A way I’ve been verbalizing something we all think about lately:
Our ILSs were originally intended to support our work flow. The old-fashioned-sounding phrase we still use–“automation”–points at this. We were providing ‘automation’ to make individual jobs easier. Whether the ILSs we have do this well or not is another question, but some still assume that the evaluation of an ILS stop and ends here.

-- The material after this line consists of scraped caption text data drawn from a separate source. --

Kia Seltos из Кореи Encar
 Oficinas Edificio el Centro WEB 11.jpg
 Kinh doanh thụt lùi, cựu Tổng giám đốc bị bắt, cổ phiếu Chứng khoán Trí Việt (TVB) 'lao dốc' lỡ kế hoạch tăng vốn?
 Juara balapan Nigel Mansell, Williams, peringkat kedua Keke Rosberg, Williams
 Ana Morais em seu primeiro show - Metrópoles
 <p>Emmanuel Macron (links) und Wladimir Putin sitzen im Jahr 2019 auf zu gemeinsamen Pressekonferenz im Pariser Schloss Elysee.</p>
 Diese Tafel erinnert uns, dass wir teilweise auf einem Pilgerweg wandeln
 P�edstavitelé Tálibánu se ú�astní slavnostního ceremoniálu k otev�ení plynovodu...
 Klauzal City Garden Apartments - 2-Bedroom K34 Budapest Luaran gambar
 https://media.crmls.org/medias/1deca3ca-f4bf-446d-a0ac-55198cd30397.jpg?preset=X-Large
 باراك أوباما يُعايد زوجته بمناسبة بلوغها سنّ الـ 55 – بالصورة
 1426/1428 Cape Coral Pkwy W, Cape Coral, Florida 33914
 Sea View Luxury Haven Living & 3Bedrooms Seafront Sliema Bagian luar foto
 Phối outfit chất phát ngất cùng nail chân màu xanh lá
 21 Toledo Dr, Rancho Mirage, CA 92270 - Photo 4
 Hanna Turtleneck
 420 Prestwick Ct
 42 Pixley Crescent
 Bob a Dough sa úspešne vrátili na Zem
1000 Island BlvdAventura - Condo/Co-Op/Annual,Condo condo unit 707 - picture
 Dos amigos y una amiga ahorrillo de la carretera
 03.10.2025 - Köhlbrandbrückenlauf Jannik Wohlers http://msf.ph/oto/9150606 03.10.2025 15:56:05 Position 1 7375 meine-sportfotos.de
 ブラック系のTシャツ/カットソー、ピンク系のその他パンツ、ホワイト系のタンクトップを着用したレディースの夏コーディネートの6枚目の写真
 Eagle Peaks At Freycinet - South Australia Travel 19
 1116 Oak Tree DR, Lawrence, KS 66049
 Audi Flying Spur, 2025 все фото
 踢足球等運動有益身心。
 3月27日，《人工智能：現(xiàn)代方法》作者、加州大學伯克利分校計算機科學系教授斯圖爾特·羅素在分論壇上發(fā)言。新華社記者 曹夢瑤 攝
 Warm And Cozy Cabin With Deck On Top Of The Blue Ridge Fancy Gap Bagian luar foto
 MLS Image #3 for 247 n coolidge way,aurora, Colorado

But in fact, in the current environment there is another factor to evaluate. Not just work flow support, but ILS serving as a data store for the ‘business’ of the library. The work that the ILS is supporting produces all sorts of data—the most obvious ones being bib records and holdings information, but it doesn’t stop there. The ILS needs to provide this data, not just to support current identified work flow and user tasks, but to be a data store in and of itself for other software, existing and yet to be invented, supporting tasks existing and yet to be discovered. The ILS needs to function as a data store for the ‘single business’ of our library. Not neccesarily the only one (although there’s something to be said for a single data store for our ‘single business’), but the data that IS in there needs to be accesible.
Thanks to Lorcan Dempsey for pointing out the concept of ‘single business systems environment’ in the National Library of Australia’s IT Architecture report, which got me articulating in this way. I think it’s on the way to a useful way to articulate things which are often understood by ‘us’ but not articulated well to ‘them’ (adminstrators, vendors, our less technically minded colleagues).